TASK GOAL:
Range to reproduce from the entries below: the line with "Coffee Maker West", the line with "Dhiyona RR Women's", and every line in between. Give them exactly and give nothing else.

Records drawn from a dataset:
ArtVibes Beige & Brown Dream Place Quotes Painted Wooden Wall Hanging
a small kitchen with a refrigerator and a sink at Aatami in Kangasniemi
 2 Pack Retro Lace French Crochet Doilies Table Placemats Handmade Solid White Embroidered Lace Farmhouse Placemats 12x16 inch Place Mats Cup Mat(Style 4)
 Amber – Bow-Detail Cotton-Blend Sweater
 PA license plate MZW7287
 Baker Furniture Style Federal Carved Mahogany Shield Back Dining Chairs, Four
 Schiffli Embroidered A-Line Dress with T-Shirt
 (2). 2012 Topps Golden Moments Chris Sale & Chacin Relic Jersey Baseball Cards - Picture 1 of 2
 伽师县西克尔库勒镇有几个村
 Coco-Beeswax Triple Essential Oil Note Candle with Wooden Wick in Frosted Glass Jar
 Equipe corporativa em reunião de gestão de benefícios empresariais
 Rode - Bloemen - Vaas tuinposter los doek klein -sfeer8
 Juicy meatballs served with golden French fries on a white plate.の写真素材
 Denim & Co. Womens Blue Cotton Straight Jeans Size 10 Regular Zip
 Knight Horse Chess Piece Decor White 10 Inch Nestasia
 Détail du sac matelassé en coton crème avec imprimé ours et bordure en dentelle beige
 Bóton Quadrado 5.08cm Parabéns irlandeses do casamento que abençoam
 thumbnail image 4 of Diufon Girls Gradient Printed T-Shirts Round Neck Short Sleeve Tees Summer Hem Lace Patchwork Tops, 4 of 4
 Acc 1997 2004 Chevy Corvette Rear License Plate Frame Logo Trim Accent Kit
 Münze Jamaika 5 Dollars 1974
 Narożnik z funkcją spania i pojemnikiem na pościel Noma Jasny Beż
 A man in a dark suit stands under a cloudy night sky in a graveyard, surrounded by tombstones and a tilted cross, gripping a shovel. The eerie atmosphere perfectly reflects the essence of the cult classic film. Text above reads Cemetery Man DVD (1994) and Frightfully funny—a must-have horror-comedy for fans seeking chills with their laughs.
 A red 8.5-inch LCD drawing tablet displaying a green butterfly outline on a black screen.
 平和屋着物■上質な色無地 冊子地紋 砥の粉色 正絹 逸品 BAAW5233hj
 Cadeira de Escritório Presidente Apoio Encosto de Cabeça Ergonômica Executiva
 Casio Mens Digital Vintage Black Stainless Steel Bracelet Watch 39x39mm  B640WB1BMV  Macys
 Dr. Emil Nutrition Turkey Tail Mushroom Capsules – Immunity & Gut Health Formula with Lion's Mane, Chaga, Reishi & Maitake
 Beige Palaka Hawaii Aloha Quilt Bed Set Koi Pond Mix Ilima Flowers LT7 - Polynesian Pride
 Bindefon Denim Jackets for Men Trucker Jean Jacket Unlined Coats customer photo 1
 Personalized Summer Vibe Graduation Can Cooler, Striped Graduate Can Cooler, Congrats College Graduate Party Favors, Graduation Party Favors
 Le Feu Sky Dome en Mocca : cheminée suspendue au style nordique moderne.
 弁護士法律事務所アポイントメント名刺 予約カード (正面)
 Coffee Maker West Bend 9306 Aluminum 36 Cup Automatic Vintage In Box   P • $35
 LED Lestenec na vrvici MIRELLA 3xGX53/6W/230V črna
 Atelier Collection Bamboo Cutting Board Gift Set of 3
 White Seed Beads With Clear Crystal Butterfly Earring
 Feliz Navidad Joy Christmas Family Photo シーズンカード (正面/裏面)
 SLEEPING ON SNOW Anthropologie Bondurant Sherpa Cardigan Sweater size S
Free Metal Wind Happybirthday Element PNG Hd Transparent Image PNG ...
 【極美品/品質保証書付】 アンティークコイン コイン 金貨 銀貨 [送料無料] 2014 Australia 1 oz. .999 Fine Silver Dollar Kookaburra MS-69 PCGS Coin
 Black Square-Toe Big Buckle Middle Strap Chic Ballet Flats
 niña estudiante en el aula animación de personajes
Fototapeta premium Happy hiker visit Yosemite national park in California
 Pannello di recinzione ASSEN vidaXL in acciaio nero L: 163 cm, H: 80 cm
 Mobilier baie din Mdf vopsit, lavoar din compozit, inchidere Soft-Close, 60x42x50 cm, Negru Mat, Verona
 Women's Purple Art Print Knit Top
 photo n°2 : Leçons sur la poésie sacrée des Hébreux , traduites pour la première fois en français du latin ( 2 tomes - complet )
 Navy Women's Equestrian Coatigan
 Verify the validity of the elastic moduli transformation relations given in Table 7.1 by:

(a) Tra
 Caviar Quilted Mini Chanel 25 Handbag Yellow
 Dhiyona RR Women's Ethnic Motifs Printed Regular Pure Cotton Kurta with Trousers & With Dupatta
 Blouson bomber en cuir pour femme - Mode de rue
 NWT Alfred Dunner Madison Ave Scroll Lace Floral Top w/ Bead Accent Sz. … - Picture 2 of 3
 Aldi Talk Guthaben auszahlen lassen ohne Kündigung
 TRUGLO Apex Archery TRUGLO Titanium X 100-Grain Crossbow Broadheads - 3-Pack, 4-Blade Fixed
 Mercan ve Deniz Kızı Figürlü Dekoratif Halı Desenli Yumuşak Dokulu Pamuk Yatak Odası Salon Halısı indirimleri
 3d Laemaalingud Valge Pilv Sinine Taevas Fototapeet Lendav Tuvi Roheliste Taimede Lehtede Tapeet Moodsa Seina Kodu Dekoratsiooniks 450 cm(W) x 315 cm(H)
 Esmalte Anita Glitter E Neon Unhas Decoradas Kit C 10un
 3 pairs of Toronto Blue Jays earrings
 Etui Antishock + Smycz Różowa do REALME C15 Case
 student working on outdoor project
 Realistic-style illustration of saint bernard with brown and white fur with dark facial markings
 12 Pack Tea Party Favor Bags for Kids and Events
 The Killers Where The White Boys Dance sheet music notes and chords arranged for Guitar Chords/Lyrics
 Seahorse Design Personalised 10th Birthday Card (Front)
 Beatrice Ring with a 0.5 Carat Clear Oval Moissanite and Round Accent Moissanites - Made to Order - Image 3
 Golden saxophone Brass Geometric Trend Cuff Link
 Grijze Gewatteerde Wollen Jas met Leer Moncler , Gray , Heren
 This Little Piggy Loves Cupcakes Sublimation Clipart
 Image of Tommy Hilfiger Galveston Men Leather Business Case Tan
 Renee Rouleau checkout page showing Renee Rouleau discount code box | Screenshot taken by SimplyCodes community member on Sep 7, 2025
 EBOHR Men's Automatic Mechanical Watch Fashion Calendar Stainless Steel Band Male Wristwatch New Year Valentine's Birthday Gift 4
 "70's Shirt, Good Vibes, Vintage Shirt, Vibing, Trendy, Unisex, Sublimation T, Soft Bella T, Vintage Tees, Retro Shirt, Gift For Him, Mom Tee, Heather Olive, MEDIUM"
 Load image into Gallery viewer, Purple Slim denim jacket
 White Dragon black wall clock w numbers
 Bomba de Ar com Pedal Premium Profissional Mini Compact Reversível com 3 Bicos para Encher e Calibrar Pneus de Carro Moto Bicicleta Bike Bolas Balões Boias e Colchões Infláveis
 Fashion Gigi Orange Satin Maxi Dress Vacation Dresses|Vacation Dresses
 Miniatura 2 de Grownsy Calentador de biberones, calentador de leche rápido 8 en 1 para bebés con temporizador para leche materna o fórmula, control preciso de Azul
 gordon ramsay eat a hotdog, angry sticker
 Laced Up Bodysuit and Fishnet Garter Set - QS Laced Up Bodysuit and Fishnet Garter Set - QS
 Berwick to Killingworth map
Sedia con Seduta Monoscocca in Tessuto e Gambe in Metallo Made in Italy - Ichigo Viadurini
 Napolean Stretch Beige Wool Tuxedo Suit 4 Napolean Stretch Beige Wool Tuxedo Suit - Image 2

ANSWER TO THE PROBLEM:
 Coffee Maker West Bend 9306 Aluminum 36 Cup Automatic Vintage In Box   P • $35
 LED Lestenec na vrvici MIRELLA 3xGX53/6W/230V črna
 Atelier Collection Bamboo Cutting Board Gift Set of 3
 White Seed Beads With Clear Crystal Butterfly Earring
 Feliz Navidad Joy Christmas Family Photo シーズンカード (正面/裏面)
 SLEEPING ON SNOW Anthropologie Bondurant Sherpa Cardigan Sweater size S
Free Metal Wind Happybirthday Element PNG Hd Transparent Image PNG ...
 【極美品/品質保証書付】 アンティークコイン コイン 金貨 銀貨 [送料無料] 2014 Australia 1 oz. .999 Fine Silver Dollar Kookaburra MS-69 PCGS Coin
 Black Square-Toe Big Buckle Middle Strap Chic Ballet Flats
 niña estudiante en el aula animación de personajes
Fototapeta premium Happy hiker visit Yosemite national park in California
 Pannello di recinzione ASSEN vidaXL in acciaio nero L: 163 cm, H: 80 cm
 Mobilier baie din Mdf vopsit, lavoar din compozit, inchidere Soft-Close, 60x42x50 cm, Negru Mat, Verona
 Women's Purple Art Print Knit Top
 photo n°2 : Leçons sur la poésie sacrée des Hébreux , traduites pour la première fois en français du latin ( 2 tomes - complet )
 Navy Women's Equestrian Coatigan
 Verify the validity of the elastic moduli transformation relations given in Table 7.1 by:

(a) Tra
 Caviar Quilted Mini Chanel 25 Handbag Yellow
 Dhiyona RR Women's Ethnic Motifs Printed Regular Pure Cotton Kurta with Trousers & With Dupatta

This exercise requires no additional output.